The Milton and Sheila Fine Collection is offered as a celebration and remembrance of Milton Fine, who passed away on March 27, 2019. The exhibition opens with an introduction that provides context about the Fines’ and their collection, featuring notable works by artists such as Mark Bradford, Christopher Wool, and Rosmarie Trockel—all of whom previously exhibited at Carnegie Museum of Art and in the Carnegie International. Within each gallery, there are highlight moments that set artworks into varying genre defining relationship. Visitors enjoy emblematic works in photography, moments of growth in the Fines’ collection during 1980s, paintings and sculptures that range from abstract to minimalist forms, a collector’s salon and significant contemporary artworks.

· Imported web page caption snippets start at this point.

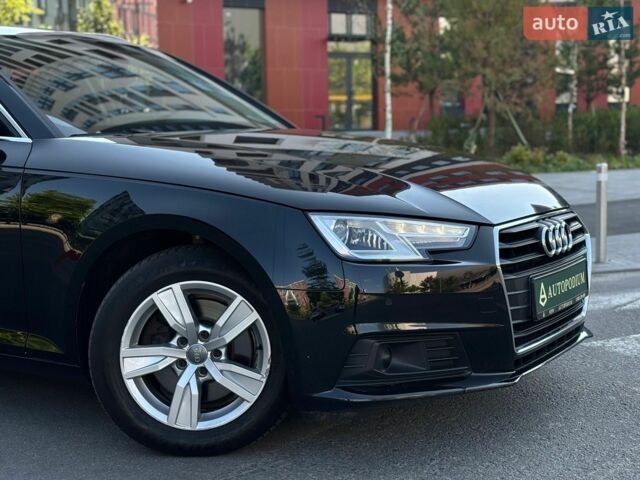Чорний Ауді А4, об'ємом двигуна 2 л та пробігом 218 тис. км за 15700 $, фото 2 на Automoto.ua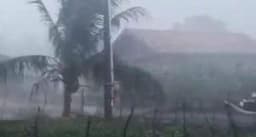 Ratusan Rumah Warga di Lampung Diterjang Angin Puting Beliung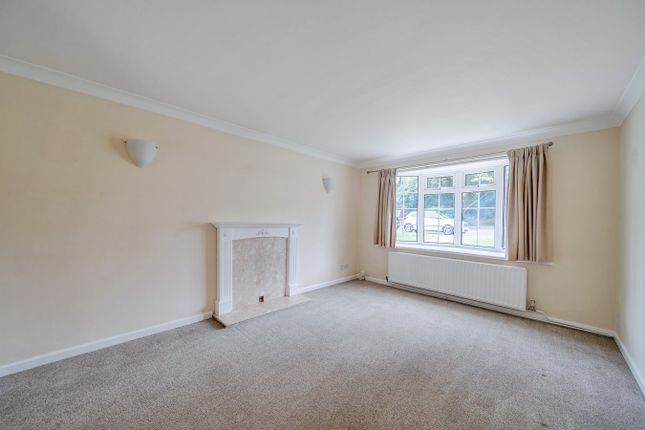 16, Leigh Park, Lymington photo 4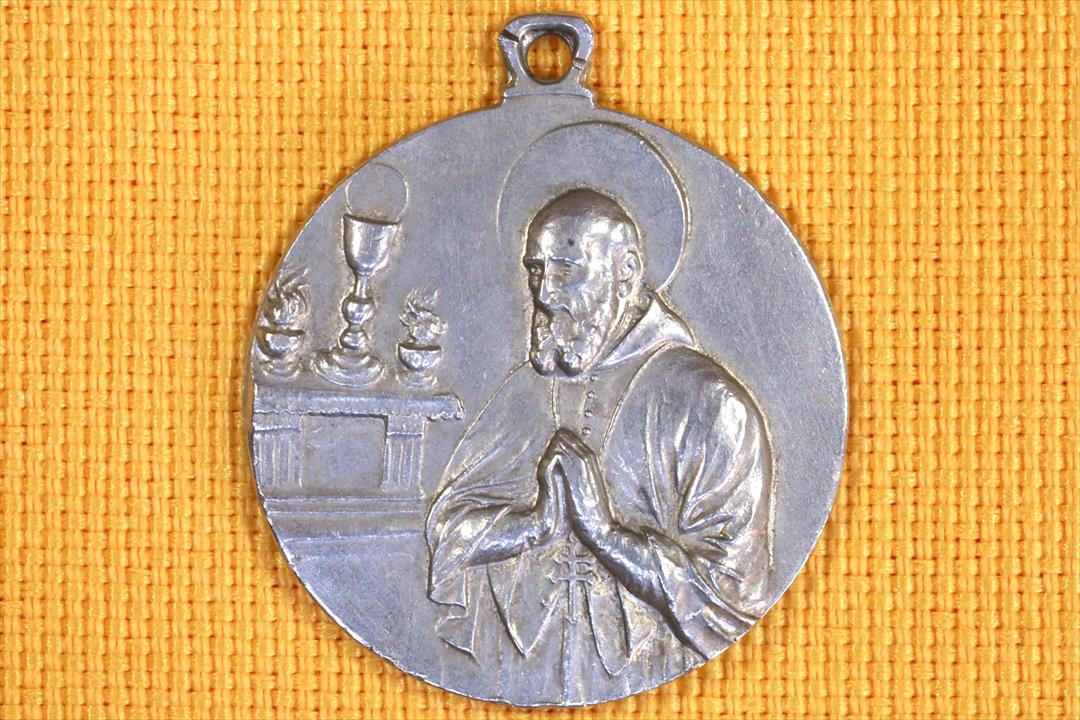 Antiguedades de medalla virgen perpetuo socorro y el papa gregorio magno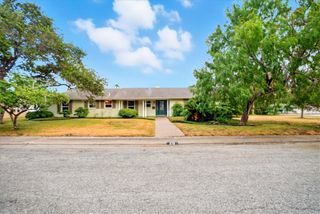 215 Mitchell St, Corpus Christi, TX 78411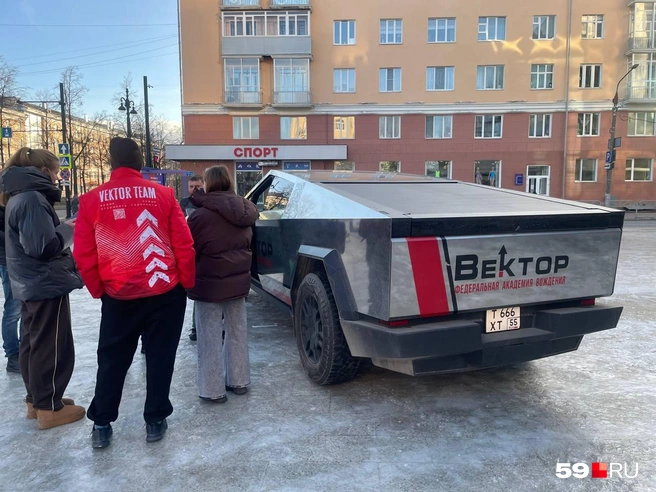Электрокар заинтересовал прохожих — они подходили, чтобы посмотреть поближе и задать вопросы специалисту | Источник: Екатерина Вохмянина / 59.RU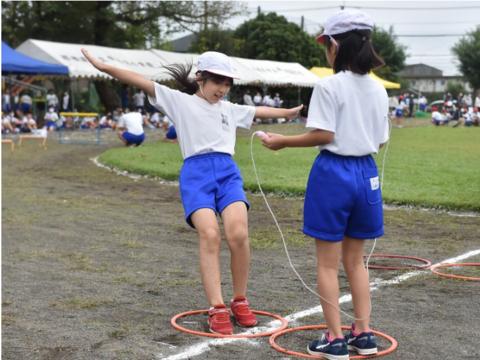 学生在比赛时尽量保持距离(每日新闻)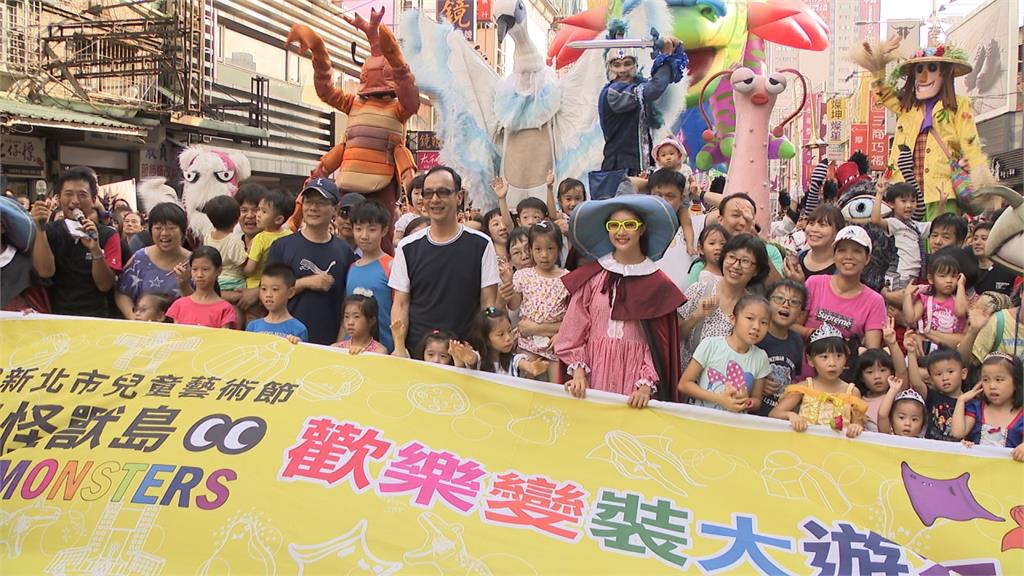 新北兒童藝術節登場 15公尺高暴龍遊街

The exhibition, which is curated by Eric Crosby, Henry J. Heinz II Director of Carnegie Museum of Art, will offer an unparalleled view into the history of American and German art from the 1980s to the 2000s—including some of the most significant artists of the 20th and 21st century, including Richard Artschwager, Mark Bradford, Alfredo Jaar, Jeff Koons, Sherrie Levine, Robert Mapplethorpe, Chris Ofili, Sigmar Polke, Edward Ruscha, Cindy Sherman, Kiki Smith, Rosemarie Trockel, and Christopher Wool.